The growth of the hobby really shows on the first Saturday of November, when Learn To Homebrew Day (sometimes referred to as Teach A Friend To Homebrew Day) events are run across the Canada and the U.S. According to Gary Glass, a director of the American Homebrewers Association (AHA), the number of homebrewers has been increasingly rapidly in the last few years.
The AHA now boasts an impressive 40,000 members. The vast majority of those are located in the U.S., but Canada sports approximately 230 to 250 AHA members. Many do so to subscribe to Zymurgy, the AHA’s homebrewing magazine that offers various tips and tricks in brewing at the home scale. Many others are members of the various homebrew clubs across Canada. And there are such clubs from Pacific to Atlantic Canada.
Learn To Homebrew Day celebrated its fifteenth year earlier this month, and it was the first such event since the last of the hold-out states (Alabama and Mississippi) legalized homebrewing. Glass told Beer In Canada it took a lot of work to get those last states to legalize the hobby. And it will almost assuredly mean even more members to the organization.
“There’s actually been quite a bit of change. For the last several years, homebrewing has been growing very rapidly,” Glass said. “The American Homebrewers Association has experienced growth of on average of 20% in memberships since 2005.” This year, there were more than 200 sites registered to run Learn To Homebrew Day events.
The Southern Ontario Brewers (they like to be called SOBs, but they’re actually a fairly decent bunch of men and women) also celebrated a milestone with their own event this year. The SOBs call their event Learn2Brew Day, and this year marked the fifth year in a row the event ran. And it has grown significantly since the first day, when only a handful of homebrewers and potential hobbyists showed up.
It was the fourth year in a row that Amsterdam Brewery hosted the event, allowing homebrewers to set up their equipment and brew beers with a variety of techniques — from all-grain mashes to extract recipes. One homebrewer even set up the brew-in-a-bag all-grain method that has become popular in the last few years.

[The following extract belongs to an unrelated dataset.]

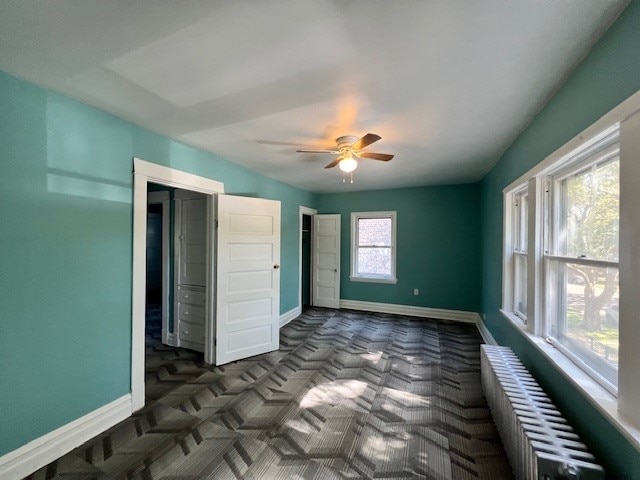 unfurnished bedroom with radiator heating unit, dark carpet, baseboards, and ceiling fan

According to Jason Stranak, Learn2Brew Day coordinator, this year’s event was smaller in terms of numbers over last year’s event, but he said he was happy with the turn-out.
As someone who attended both the second and third Learn2Brew Days at the old Amsterdam facility (before it moved to Leaside), I’ll say this year’s event was about in line with the previous events I attended. Good attendance, good people and a lot of knowledge being passed around. Chances are, these events will only continue to grow and bring more people into (or back into) the hobby in future years.